Das neue Album "Double Bass Rhapsody" mit Dominik Wagner und vier weiteren hochklassigen Kontrabassisten ist erschienen. Es ist das dritte Solo-Album des Kontrabassisten. Eingespielt wurden Werke für Chöre, Symphonische Werke und Pop-Songs in neuen Arrangements.

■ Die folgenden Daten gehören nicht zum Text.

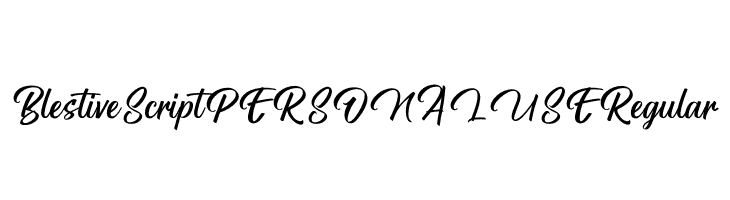 Blestive Script PERSONAL USE Regular  フリーフォントのダウンロード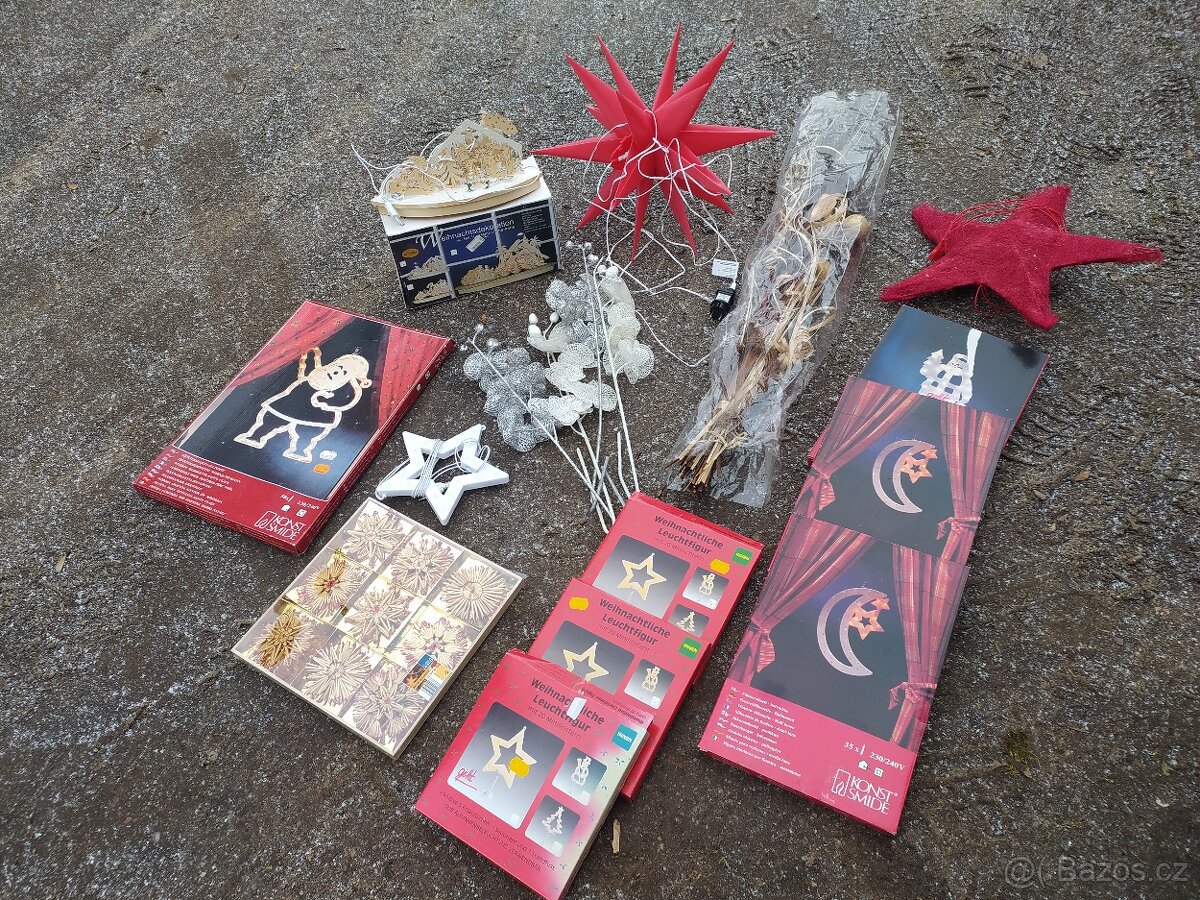 VÁNOČNÍ DEKORACE - 19ks - 9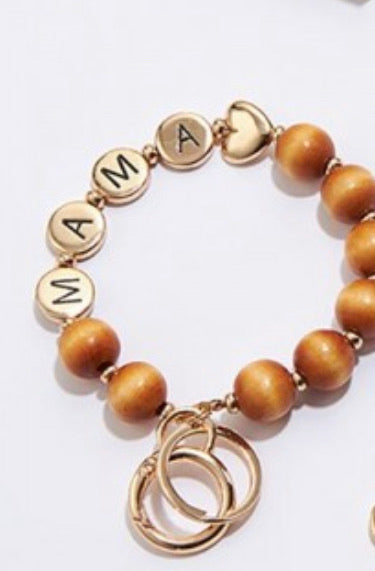 Mama Keychain - Light Brown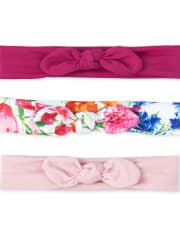 Baby Girls Bow Headwrap 3-Pack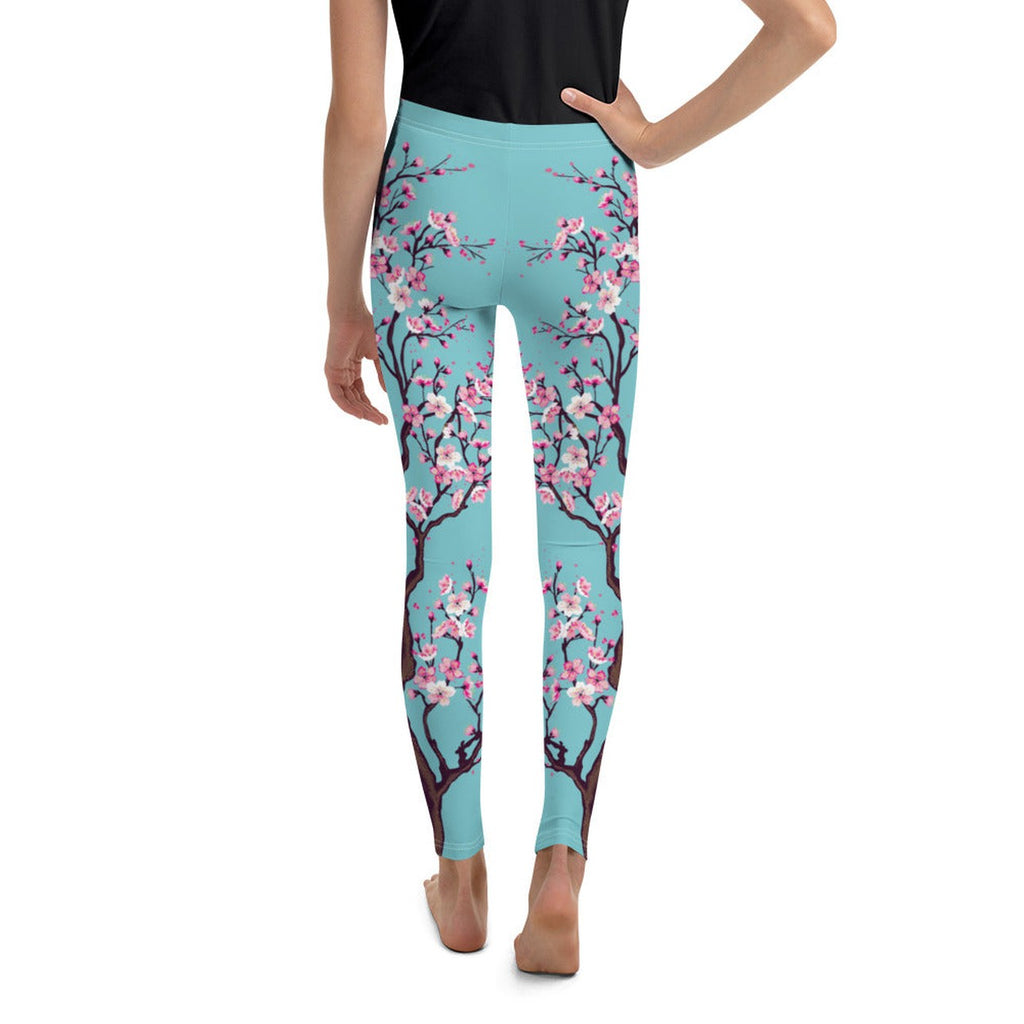 Cherry Blossom Youth Leggings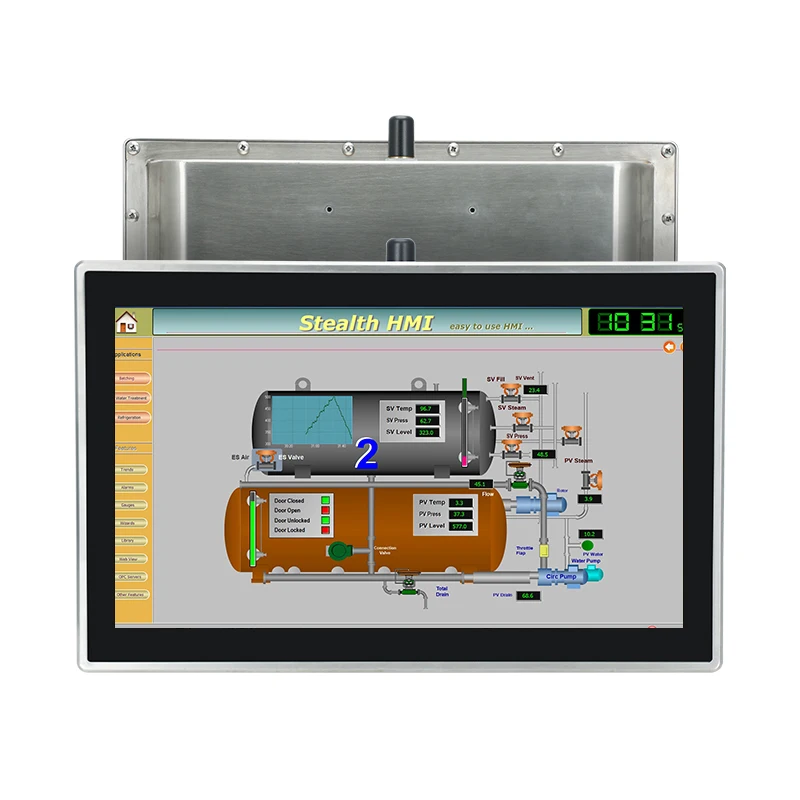 17/19 Inch Industrial Grade Stainless Steel IP69K Touch Screen Monitor/AIO Pc Fanless Design Totally Water-Proof PLC HMI
17/19 Inch Industrial Grade Stainless Steel IP69K Touch Screen Monitor/AIO Pc Fanless Design Totally Water-Proof PLC HMI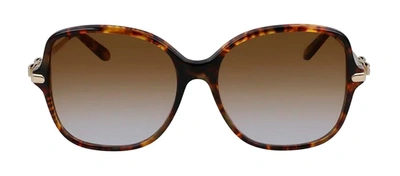Shop Ferragamo Sf990sr 219 Oversized Square Sunglasses In Brown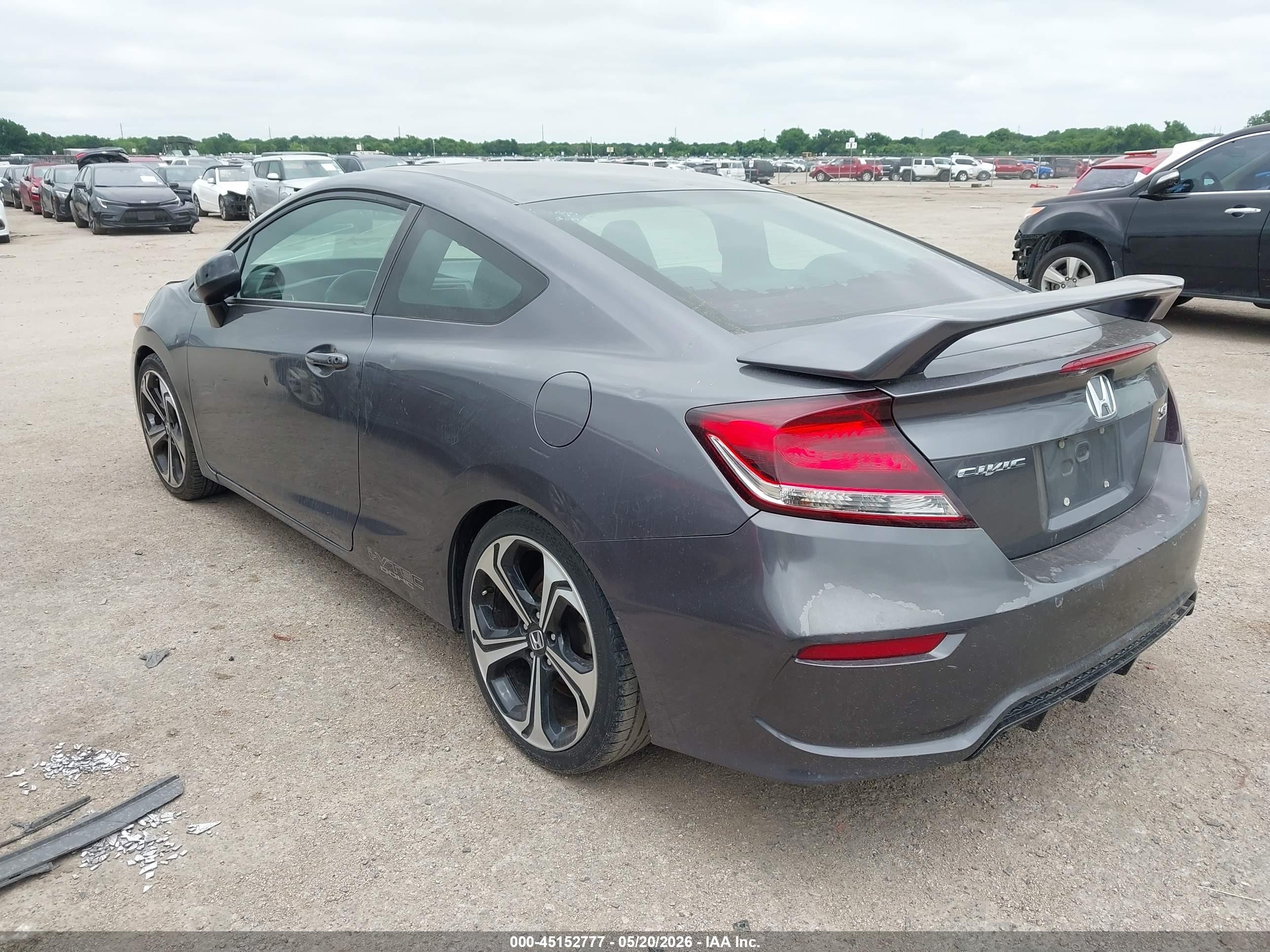 2015 Honda Civic Si Gray vin: 2HGFG4A55FH704692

"Warum haben Sie denn nicht Flöte gelernt?" - diesen Spruch muss sich der 1997 in Wien geborene Dominik Wagner seit seiner Jugend immer wieder anhören, wenn er mit seinem Instrument durch die Stadt läuft. Doch keine Frage, für ihn ist der Kontrabass einzigartig! Schon allein "wegen der Dichtheit und Tiefe des Klanges, dessen Wärme und Fülle man sich nicht entziehen kann", wie er sagt. Mittlerweile gehört Dominik Wagner zweifellos zu den besten Kontrabassisten weltweit.

Mit "Double Bass Rhapsody" bringen Sie ein ganz besonderes Album heraus, eine Rhapsodie mit Werken von Bach, Rheinberger, Bruckner, Samuel Barber und Freddie Mercury? Wie sind Sie darauf gekommen, dieses Album so zusammenzustellen?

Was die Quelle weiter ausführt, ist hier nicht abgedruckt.